Trace3 landed a longtime SIGMAnet executive for its newly created role of vice president of security as the company targets cloud security, behavioral analytics and threat prevention.
The Irvine, Calif.-based company -- No. 54 on the CRN Solution Provider 500 -- brought in Tony Olzak, SIGMAnet's vice president of advanced technology solutions, to create the security operations center of the future by leveraging cognitive computing and machine learning to identify dangerous network patterns and respond to them in real time.
"We believe security could be the future of the company," Olzak told CRN. "It could become one of the core things we're known for."

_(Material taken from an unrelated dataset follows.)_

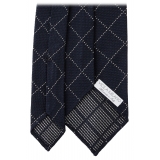 Viola Milano - Cravatta a Tre Pieghe in Granatina a Quadri - Blu Navy/Bianco - Handmade in Italy - Luxury Exclusive Collection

Trace3 will put more muscle behind its growing security practice with waves of new hires, Olzak said. Eight people will be hired as part of the first wave, Olzak said, including director-level positions in the security analytics and identity and access management (IAM) spaces as well as specialized delivery personnel focused on emerging areas.
"We have a ton of open headcount right now, and we're going to be aggressive in bringing on top-end talent to [build] out all of these different areas," Olzak said.
Trace3 today has more than 20 different engineers and 100 architects with experience crafting and selling security solutions, Olzak said. Trace3 plans to launch a security landing page on its website in roughly a month, he said.
Olzak spent nine years at Ontario, Calif.-based SIGMAnet, No. 115 on the CRN SP 500, rising to the rank of vice president of advanced technology solutions. Under Olzak, SIGMAnet's security practice was validated by Cisco naming the company as its security partner of the year two years in a row, he said.
Trace3's burgeoning security practice is looking to go far beyond selling a bunch of firewalls and has little interest in investing in legacy people, systems or ways of thinking, Olzak said. Instead, Olzak said Trace3 is seeking to craft an entire security strategy that pushes to where companies will be in five years around analytics, machine learning automated workloads and adaptive response.
"This is really Trace3 going all in," Olzak said. "It's really like swinging for the fences, or trying to punch a little higher."
Trace3's security behavioral analytics practice will be centered around identity and access management, Olzak said, while the company's comprehensive threat prevention will focus on proactive threat hunting through machine learning and cognitive computing. The overall strategic roadmap calls for integrating components, leveraging automation and making organizations better in a measurable way, he said.